La guerre est ouverte
Qualifiant par la même occasion de malhonnête le comportement des responsables de la famille politique de Moise Katumbi, le secrétaire général de l’UDPS estime que « (…) c’est très malhonnête, ce qu’il a dit là, ce n’est pas ce qu’ils disent en coulisse. Lors de notre dernière rencontre avec leur secrétaire général, il plaidait pour qu’on puisse revoir le bureau de la CENI et qu’ils ne sont pas disponibles à aller aux élections avec ce bureau. Nous, nous avons dit qu’il faut aller aux élections. (…) Est-ce qu’ils sont disponibles ? Quels sont les actes qu’ils posent sur le terrain pour voir qu’ils veulent aller aux élections ? C’est du n’importe quoi !», a lâché Augustin Kabuya, manifestement énervé.
«C’est un comportement irresponsable. Au cours de cette même réunion, j’avais demandé à leur secrétaire général que tu ne peux pas te présenter comme membre de l’Union sacrée, car vous ne prenez pas part aux réunions de l’Union sacrée et le discours que vous développez ce n’est pas un discours de quelqu’un qui est dans les institutions. Il faut quitter même l’Union sacrée. Les gens sont malhonnêtes, eux pensent que nous avons peur des élections ? Nous sommes prêts pour aller aux élections, ils connaissent la voie qu’ils avaient prise à Genève», a-t-il dit.
Dès lors, la guerre est ouverte entre les irréductibles réunis autour du chef de l’Etat et le camp de Moise Katumbi, dont la position, quoique non dépourvue d’un certain réalisme politique. A l’approche des échéances électorales, l’ancien gouverneur du Katanga entretient le flou sur ses véritables intentions, de même qu’il semble avaliser, par son silence, les déclarations de ses lieutenants. La dernière en date est celle du secrétaire général d’Ensemble pour la république.
Intervenant sur une radio locale, Dieudonné Bole-ngetenge, répondant à la question de savoir si son parti, présent dans les institutions, ne prendrait pas sa part dans le bilan présidentiel à la fin du mandat de ce dernier, n’y est pas allé par le dos de la cuillère : «Le bilan du président de la République n’est pas le bilan de l’Union. L’Union sacrée n’aura géré avec lui qu’une portion de son mandat (…) le président de la République a pris un certain nombre d’engagement vis-à-vis de la nation en tant que candidat à l’élection présidentielle. Le moment venu, c’est lui qui va présenter son bilan devant le peuple».

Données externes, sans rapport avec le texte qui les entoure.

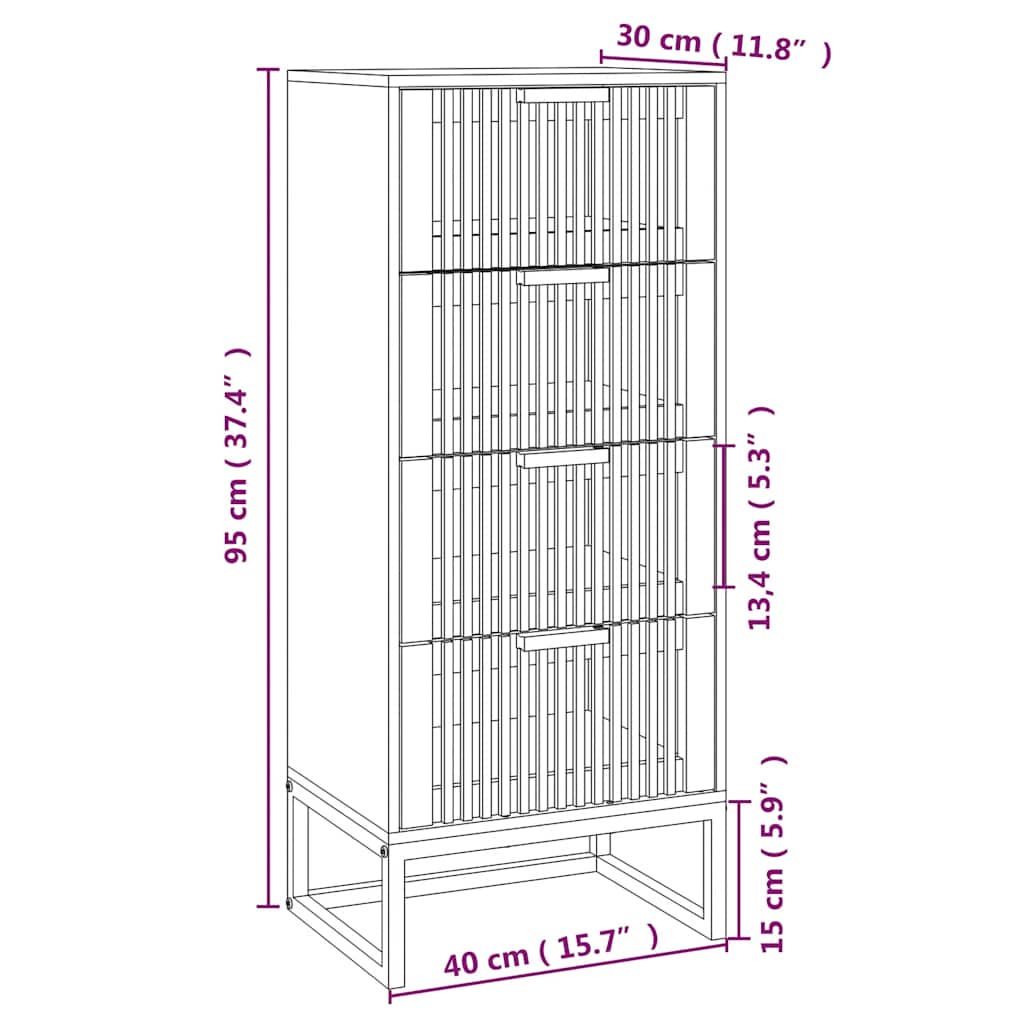 Highboard 40x30x95 cm Engineered Wood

L’Union sacrée, pas un conglomérat de moutons
Parlant des personnalités issues de leur famille politique dans le gouvernement de l’Union sacrée, il rappelle qu’ils exercent des responsabilités d’État. ‘’Ils sont responsables de ce qu’ils font et nous allons assumer ce qu’ils auront fait en bien ou moins bien au service de la République».
Quant à l’appel à quitter l’Union sacrée à cause de leurs prises de position non dissimulées contre la gestion actuelle du pays, l’ancien ministre des Affaires foncières lance non sans ironie : «Nous sommes venus dans l’Union sacrée qui n’est pas un conglomérat de moutons».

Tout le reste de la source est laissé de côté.